Swiss Wealth Protection
The expansive monetary policies of central banks have fuelled bull markets, and bull markets end not because their time is up, but because of impending recessions.
So, while many observers wonder when the next correction is coming, the real question is, what might trigger a crash?
We’re seeing little in the way of serious signs that the world economy is on the edge of a cliff. Yes, the US economy may have peaked, but there are no signs of any excesses or inordinate wage growth.
Inflation remains under control, corporate order intakes and profit growth remain positive, pressure on margins continues to be low, and stock buybacks and takeovers are on the rise.

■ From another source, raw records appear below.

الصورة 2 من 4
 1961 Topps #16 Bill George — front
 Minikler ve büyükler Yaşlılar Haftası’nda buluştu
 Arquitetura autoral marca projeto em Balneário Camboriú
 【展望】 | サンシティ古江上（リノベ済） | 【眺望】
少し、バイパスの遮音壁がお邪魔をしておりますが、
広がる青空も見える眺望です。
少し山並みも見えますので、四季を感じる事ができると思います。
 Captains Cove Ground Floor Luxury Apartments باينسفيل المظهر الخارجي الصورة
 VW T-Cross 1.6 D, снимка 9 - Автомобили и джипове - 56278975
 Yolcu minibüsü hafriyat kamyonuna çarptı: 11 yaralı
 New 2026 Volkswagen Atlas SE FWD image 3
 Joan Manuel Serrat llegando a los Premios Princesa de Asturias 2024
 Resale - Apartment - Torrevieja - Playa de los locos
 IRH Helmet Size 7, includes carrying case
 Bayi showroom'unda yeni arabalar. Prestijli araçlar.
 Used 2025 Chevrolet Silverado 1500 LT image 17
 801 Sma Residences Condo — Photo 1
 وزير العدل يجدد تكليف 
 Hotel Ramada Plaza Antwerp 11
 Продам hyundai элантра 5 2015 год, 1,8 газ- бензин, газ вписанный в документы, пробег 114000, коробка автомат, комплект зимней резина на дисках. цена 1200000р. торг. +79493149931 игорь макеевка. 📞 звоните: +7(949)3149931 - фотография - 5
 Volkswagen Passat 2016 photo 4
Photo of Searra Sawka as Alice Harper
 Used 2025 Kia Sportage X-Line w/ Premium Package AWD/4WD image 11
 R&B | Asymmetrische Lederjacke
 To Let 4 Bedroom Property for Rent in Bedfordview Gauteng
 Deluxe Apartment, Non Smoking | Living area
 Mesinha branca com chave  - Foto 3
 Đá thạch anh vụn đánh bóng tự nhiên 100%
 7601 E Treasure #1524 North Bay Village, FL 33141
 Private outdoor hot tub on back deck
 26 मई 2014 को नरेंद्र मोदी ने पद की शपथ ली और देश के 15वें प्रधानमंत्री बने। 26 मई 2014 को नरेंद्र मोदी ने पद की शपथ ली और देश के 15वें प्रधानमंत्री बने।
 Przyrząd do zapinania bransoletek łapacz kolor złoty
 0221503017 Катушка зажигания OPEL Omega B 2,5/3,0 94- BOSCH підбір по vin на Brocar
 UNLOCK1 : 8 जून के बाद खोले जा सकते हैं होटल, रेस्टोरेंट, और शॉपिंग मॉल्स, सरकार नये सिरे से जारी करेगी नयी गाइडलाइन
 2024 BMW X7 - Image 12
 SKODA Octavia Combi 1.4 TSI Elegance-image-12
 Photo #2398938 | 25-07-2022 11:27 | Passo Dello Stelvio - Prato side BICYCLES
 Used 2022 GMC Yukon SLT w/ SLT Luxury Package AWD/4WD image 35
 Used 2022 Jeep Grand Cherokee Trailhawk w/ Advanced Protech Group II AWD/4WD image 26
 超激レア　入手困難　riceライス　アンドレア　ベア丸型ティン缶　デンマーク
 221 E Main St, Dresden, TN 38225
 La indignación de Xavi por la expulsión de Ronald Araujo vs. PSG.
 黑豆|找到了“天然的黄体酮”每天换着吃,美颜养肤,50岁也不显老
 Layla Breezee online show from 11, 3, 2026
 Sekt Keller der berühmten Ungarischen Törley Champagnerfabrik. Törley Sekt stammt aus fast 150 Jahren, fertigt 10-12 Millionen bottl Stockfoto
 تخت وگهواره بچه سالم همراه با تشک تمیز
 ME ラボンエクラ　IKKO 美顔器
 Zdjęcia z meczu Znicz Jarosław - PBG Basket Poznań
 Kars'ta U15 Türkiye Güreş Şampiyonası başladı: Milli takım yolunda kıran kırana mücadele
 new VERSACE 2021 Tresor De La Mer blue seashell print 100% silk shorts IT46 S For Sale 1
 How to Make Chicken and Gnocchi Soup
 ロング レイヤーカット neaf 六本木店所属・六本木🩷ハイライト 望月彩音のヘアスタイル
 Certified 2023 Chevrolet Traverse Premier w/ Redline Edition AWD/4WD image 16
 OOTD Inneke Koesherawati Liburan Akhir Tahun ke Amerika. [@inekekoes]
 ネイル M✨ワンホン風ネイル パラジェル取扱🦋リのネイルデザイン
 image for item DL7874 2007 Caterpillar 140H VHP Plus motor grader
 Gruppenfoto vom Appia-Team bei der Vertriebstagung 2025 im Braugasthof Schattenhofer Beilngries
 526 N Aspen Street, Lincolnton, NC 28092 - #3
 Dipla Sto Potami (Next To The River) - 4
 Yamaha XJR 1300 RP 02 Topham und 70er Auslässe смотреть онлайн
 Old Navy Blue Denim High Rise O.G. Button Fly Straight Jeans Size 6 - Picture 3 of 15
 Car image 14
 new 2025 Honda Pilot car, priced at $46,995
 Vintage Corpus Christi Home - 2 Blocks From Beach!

With Congress now divided, we predict that the tax reform process will stall in 2019 and that there will be little in the way of new initiatives, leading to an easing of growth.
But while the US economy may lose a little momentum, it is possible that Europe will slowly pull out of its current lull.
There are plenty of potential crises in the offing – but how much of a risk do they pose?
The trade war between the US and China is a significant factor, and in Europe we have mainly political risks, such as Brexit, Italy and a potential leadership vacuum in Germany.
Regarding the latter, a change at the political helm to a reform-minded Friedrich Merz would provide fresh impetus. Largish market corrections may potentially originate in China, where the pace of growth is slowing and debt is rising.
In this late phase of the current economic upturn, defensive and value stocks offer the best growth potential.
Further corrections in the course of 2019 cannot be ruled out, but if you’re confident in the quality of your investments and have a long-term investment horizon, then you should have nothing to fear from market turmoil in 2019.